What is being asked: Print out the full material below, exact in every line, with no images included.

Dataset records:
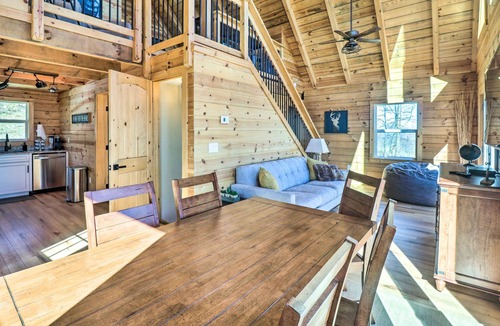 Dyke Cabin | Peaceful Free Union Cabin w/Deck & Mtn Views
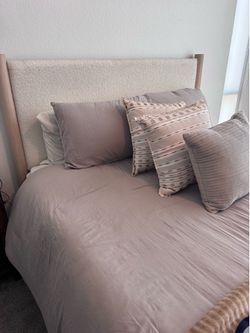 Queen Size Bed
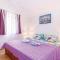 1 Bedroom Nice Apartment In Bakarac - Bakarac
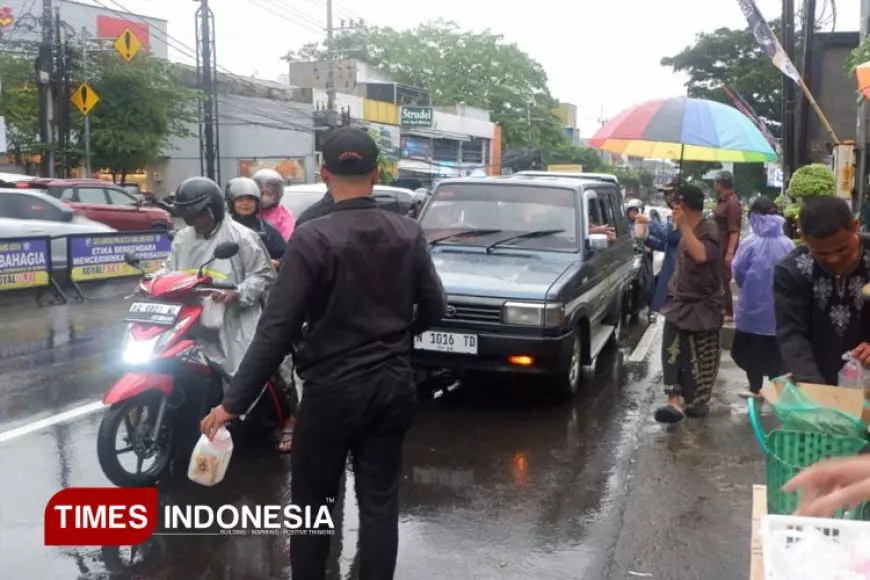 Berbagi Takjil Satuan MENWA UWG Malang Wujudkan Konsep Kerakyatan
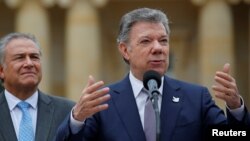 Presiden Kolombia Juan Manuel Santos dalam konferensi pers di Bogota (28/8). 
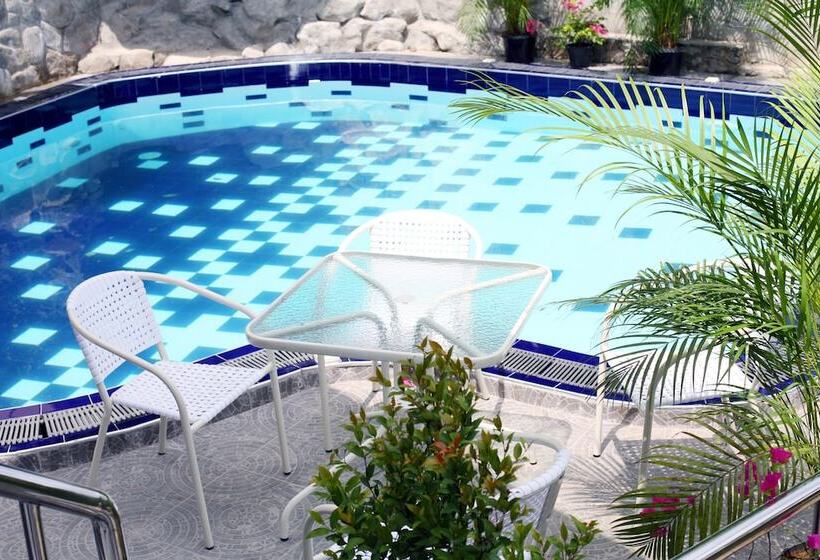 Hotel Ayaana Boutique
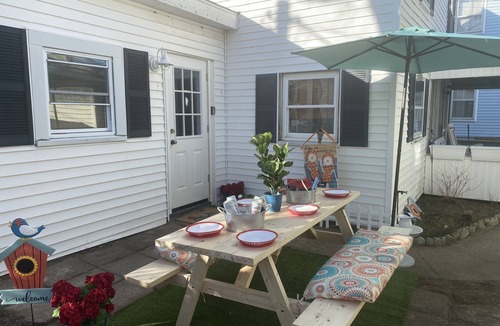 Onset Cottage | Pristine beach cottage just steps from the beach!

Exercise answer:
 Dyke Cabin | Peaceful Free Union Cabin w/Deck & Mtn Views
 Queen Size Bed
 1 Bedroom Nice Apartment In Bakarac - Bakarac
 Berbagi Takjil Satuan MENWA UWG Malang Wujudkan Konsep Kerakyatan
 Presiden Kolombia Juan Manuel Santos dalam konferensi pers di Bogota (28/8). 
 Hotel Ayaana Boutique
 Onset Cottage | Pristine beach cottage just steps from the beach!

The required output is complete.